Scrapping 6-month prison sentences expected to ease pressure on prisons
By Sam Baker
Plans to scrap 6-month prison sentences could ease pressures on prison staff a criminology expert has claimed.
Dr Thomas Akoensi from the University of Kent has said that while there is no guarantee that scrapping 6-month prison sentences will help the prison system, it may make the jobs of prison workers easier.
This follows a Daily Telegraph report that the Prisons Minister, Rory Stewart, wants to axe all short-term sentences, except for violent or sex offenders.
Dr Akoensi said that Mr Stewart’s plans are courageous: “This won’t necessarily be a positive decision for prisons although this is a brave move.
“Six months is a very short time for such offenders to undergo and successfully complete rehabilitation programmes in prisons, this policy will be a huge relief to offender managers.”
However, Dr Akoensi added that the measures Mr Stewart intends to replace 6-month sentences with must be adequate or the changes will have no effect.

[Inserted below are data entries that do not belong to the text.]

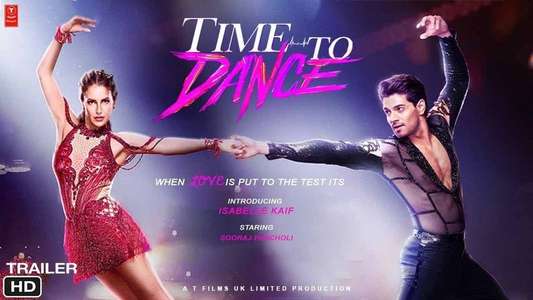 Time to Dance - Backdrop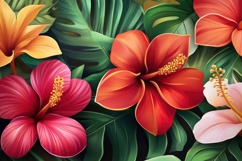 Flowers Background Wallpaper Product Image 1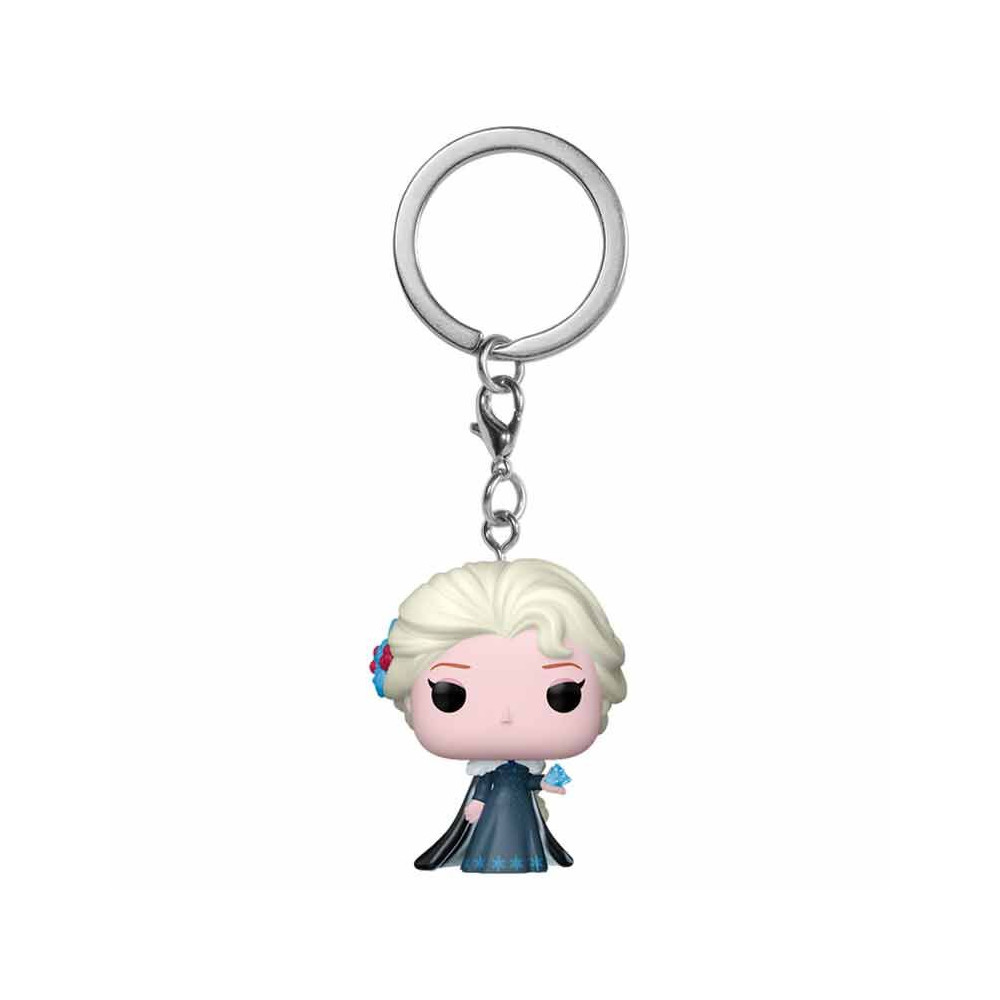 Llavero Pocket POP Disney Frozen Elsa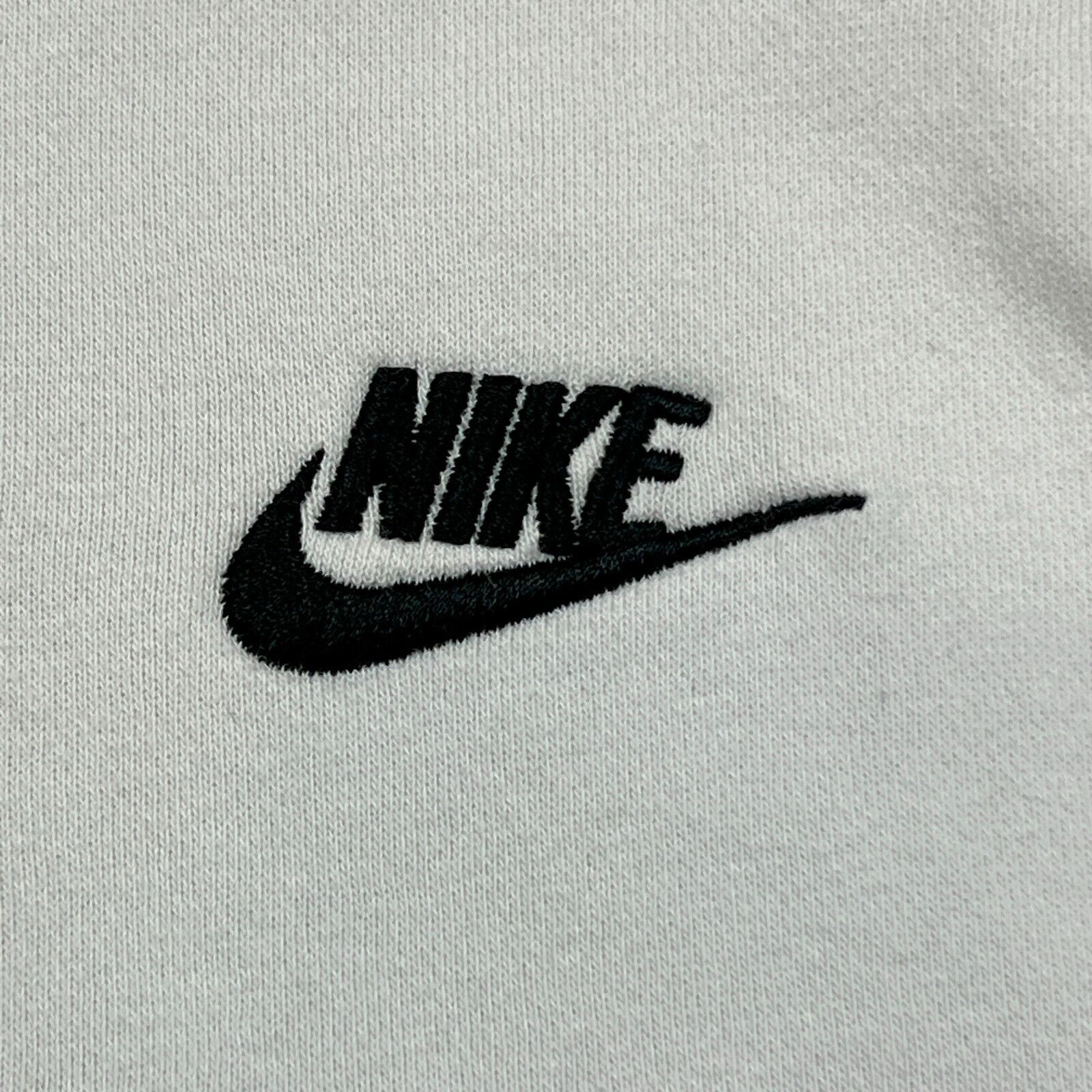 Nike × Vintage Nike Sportswear Hoodie Small Swoosh Fleece Pullover Hooded Size US S / EU 44-46 / 1 - 2 Thumbnail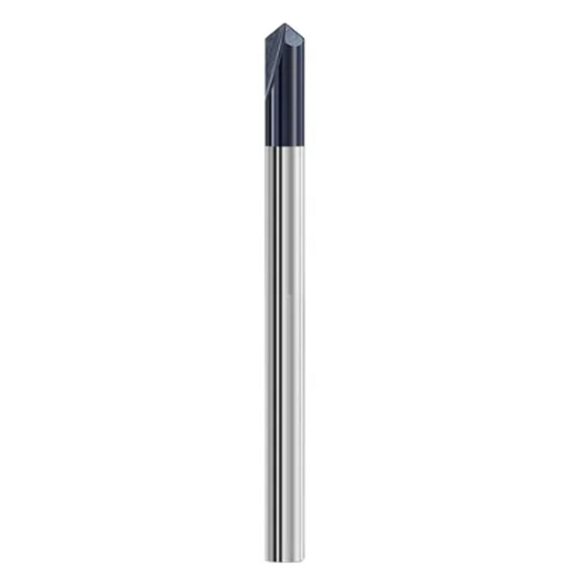 Gamvdout Chamfer End Mill 90 Degrees 2-12mm 2 Flute Chamfer Cutter Chamfer Router Bit Carbide End Mill CNC Machine Milling Cutter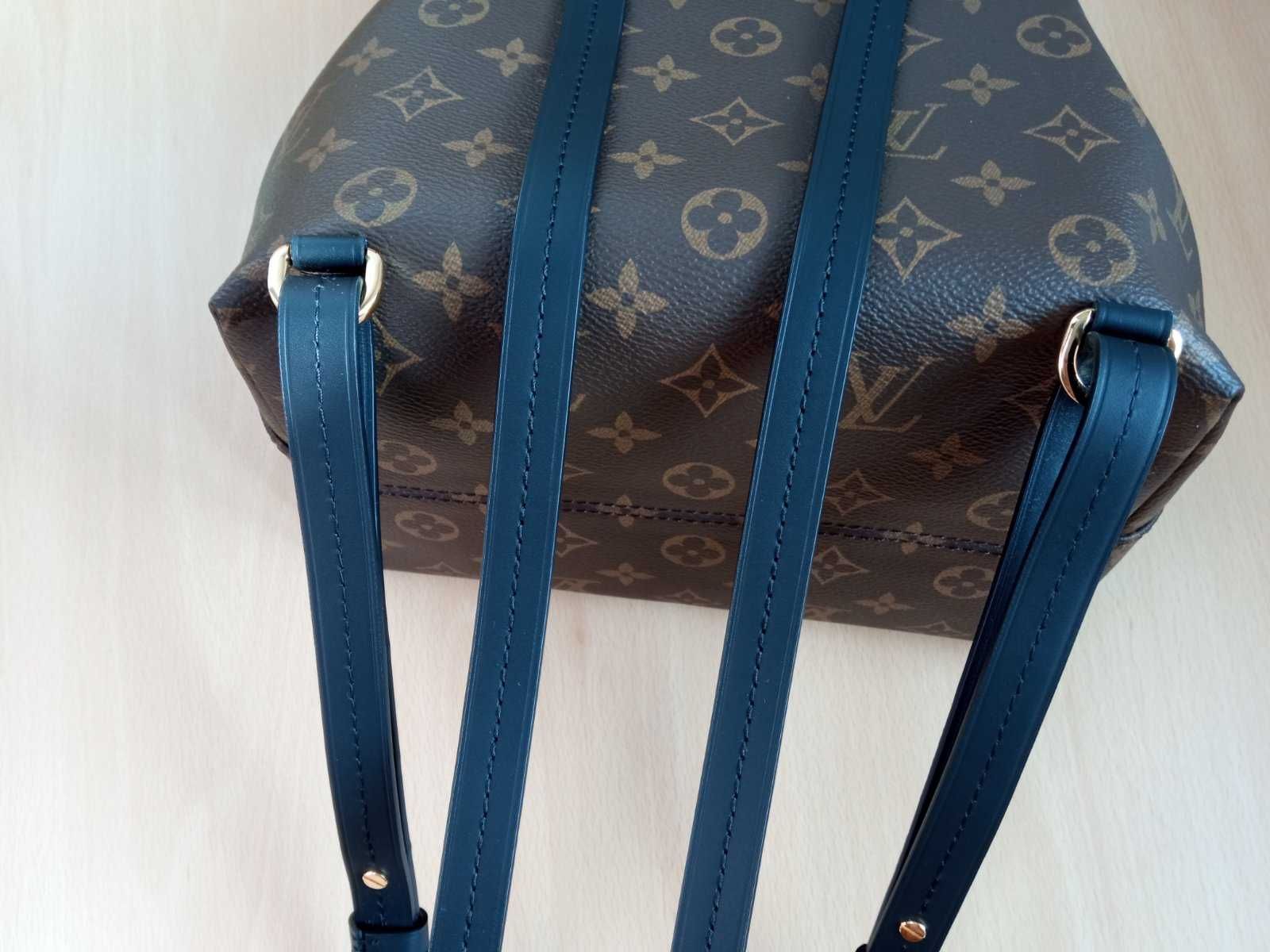 Louis Vuitton Дамска Раница Чанта Монограм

“If these short-term sentences, usually around 30,000 per annum, are replaced with community sentences where offenders are able to carry on with their normal lives – hold on to their jobs, house/accommodation, have family contact, etc – but under certain conditions, the pressure on our prisons would reduce significantly.

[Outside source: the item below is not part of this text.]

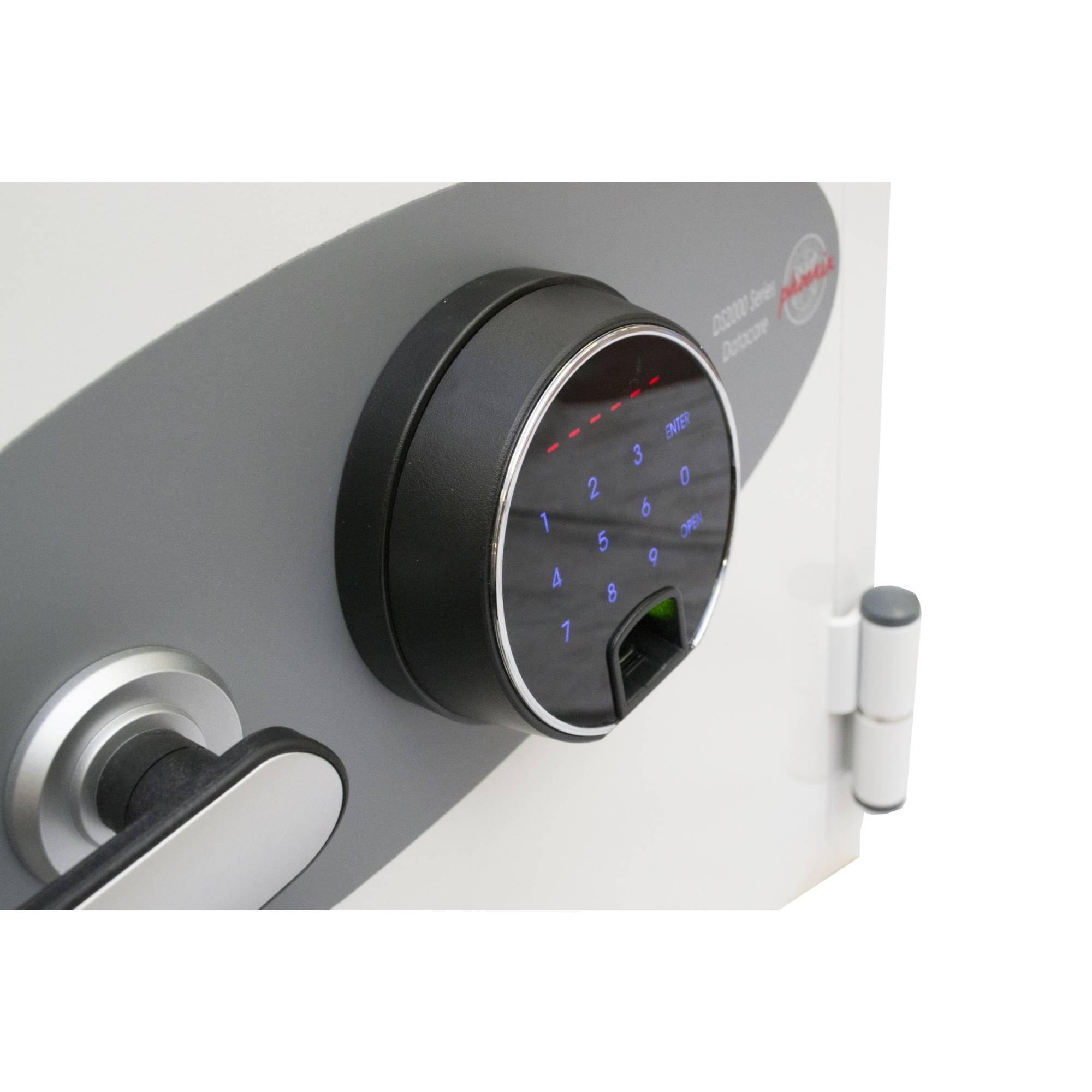 Phoenix Datenschutztresor Data Combi DS2504F Fingerabdruckschloss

“However, if such offenses which currently attract short term sentences, begin to be captured in medium term sentences of six months or more in the long term, then the reduced pressure on our prisons would be short lived.”
The prison population has doubled in England and Wales since the early 1990s, rising from about 40,000 to more than 80,000 in 2018, official figures show.
Mr Stewart put forward the suggested changes, saying that short jail terms were long enough to damage you and not long enough to heal you.
“You bring somebody in for three or four weeks,” he said. “They lose their house, their job, their family, their reputation.
“They come (into prison), they meet a lot of interesting characters (to put it politely) and then you whap them on to the streets again.”
Frances Cook, the Chief Executive of the Howard League for Penal Reform, believes scrapping short prison sentences will make society safer in general.
“Cramming more people into prisons than they were designed to hold is a recipe for squalor, violence, drug abuse and mental distress and, ultimately, more crime.
“Scrapping prison sentences of less than six months, as has been proposed by ministers, would better protect the public because evidence shows that short bursts of imprisonment lead to more offending and more victims.
“Sensible legislation that reduces the number of people behind bars will save lives, protect prison staff and help to make local communities safer.”
In 2017 alone, more than half of the 86,275 offenders sentenced in England and Wales were handed sentences of six months or less.